Guadalupe, se nota desde el arranque, está en un tris de un estallido mientras circula por ese taller de arte en cuatro encuentros al que ha ido por incitación de Leti, cuando podría estar mostrando Cerviño o el PH de Neuquén… Pero se dejó convencer por “esta ociosa, mantenida, diletante”. Para más inri, después de pasar por el impresionismo, el puntillismo, habrá un café con la quejica cuya plática será parodiada por Guadalupe y al instante traducida mentalmente en un aparte inclemente dirigido al público que, divertido, reconoce personajes y situaciones, acaso sin sentirse directamente concernido. Ya se sabe que el burgués es siempre el otro… 
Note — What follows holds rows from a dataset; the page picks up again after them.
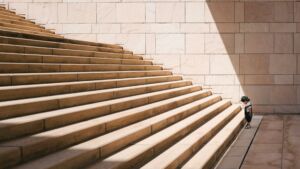 un tout petit enfant regarde avec attention la première marche d'un grand escalier en pierre - Photo de Jukan Tateisi sur https://unsplash.com/fr/photos/enfant-en-bas-age-debout-devant-lescalier-en-beton-beige-bJhT_8nbUA0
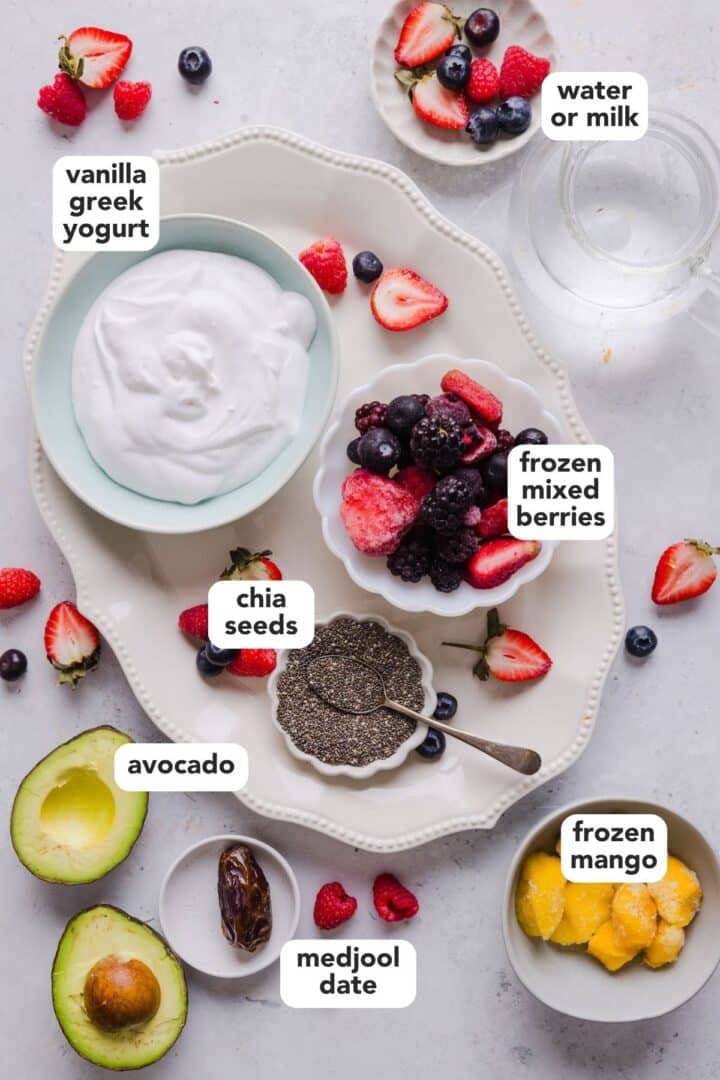 Ingredients for high-fiber smoothie including mixed frozen berries, chia seeds, avocado, vanilla Greek yogurt, frozen mango, and chia seeds.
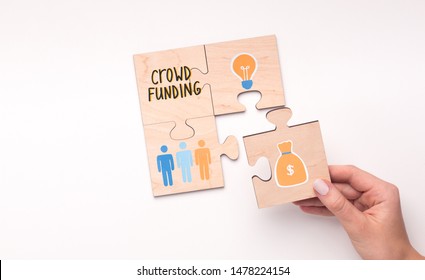 Crowdfunding concept. Woman connecting the last puzzle with money for idea on white background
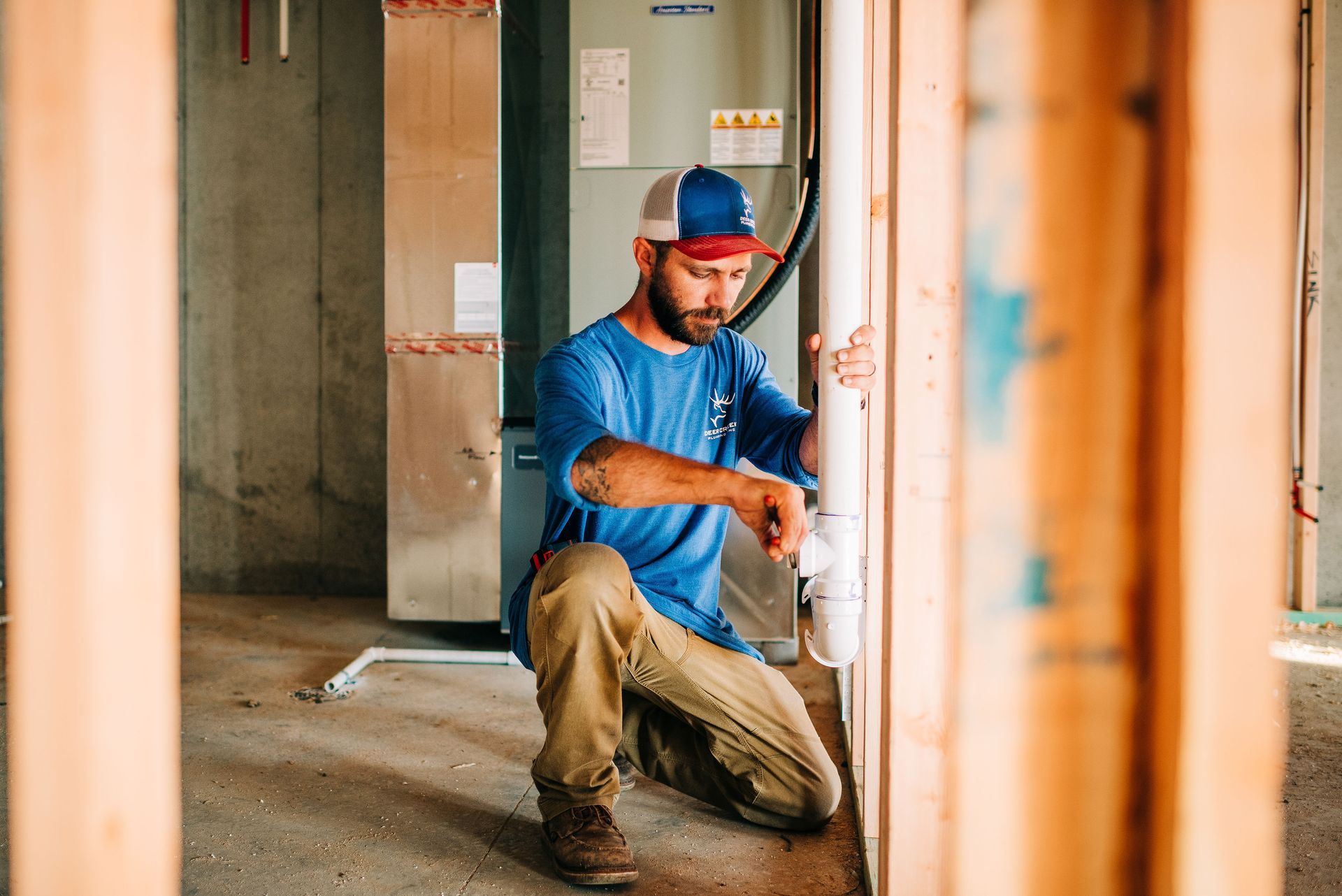 A man is kneeling down in a room while working on a pipe.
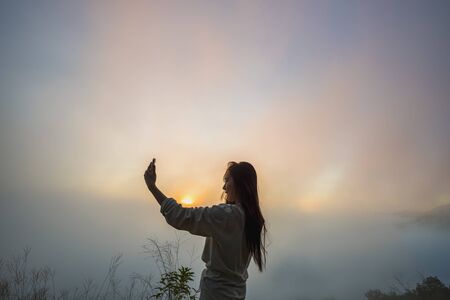 Tourists with fog on the top of the hill. Travelers breathe fresh air while photographing the beautiful sunrise and mist.の写真素材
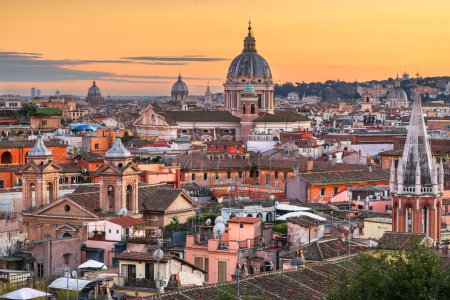 Italy, Rome cityscape with historic buildings and cathedrals at dusk.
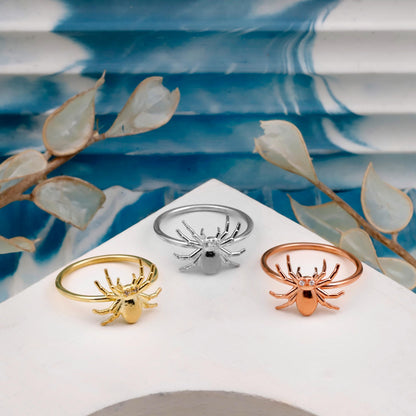 Three spider-shaped rings in gold, silver, and rose gold on a white stand with a blue and white striped background.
En estos minutos iniciales ya está planteado el tono, el color, la síntesis de esta obra cuyo procedimiento dramatúrgico incurre en el fluir de la conciencia (al verbalizar los pensamientos de Guadalupe), pero lejos de Molly Bloom o de la señora Dalloway porque -al revés de estas monologuistas interiores- sigue una clara línea narrativa atrapante que se despliega en seis escenas trepidantes donde, como en toda comedia que se precie, hay risas y emoción, ligereza y profundidad. Guadalupe es una narradora omnisciente que, además de retratarse a sí misma en sus líneas y sus acciones, tiene calados a los otros personajes, lee sus gestos y sus palabras (aunque no siempre es infalible), les da entidad desde una focalización subjetiva.

Su monólogo (con diálogos) se va articulando del lado del público que deviene prontamente su cómplice, su interlocutor mudo (salvo cuando ríe), partícipe de su intimidad en una pieza que se podría asociar hasta cierto punto con el famoso (entre cinéfilos) “Lubitsch touch”. Es decir, aquel genial director de cine que en el Hollywood de los años ’30 y ’40 del siglo XX hizo comedias sutilmente subversivas, sofisticadas, satíricas, aludiendo  atrevidamente al sexo sin mostrarlo en esos films que admiraba y envidiaba Billy Wilder (que fue colaborador de Ernst Lubitsch). El Bien, de Lautaro Vilo, trae ecos del espíritu de aquella screwball comedy de romance, pasión, ruptura, re-casamiento. Muy aggiornada, obviamente. Y la espléndida Verónica Pelaccini, encantadora de espectadores, de increíble plasticidad, podría ser considerada un equivalente siglo XXI de Carole Lombard o Miriam Hopkins, dos rubias tan elegantes, aguerridas e intencionadas como ella.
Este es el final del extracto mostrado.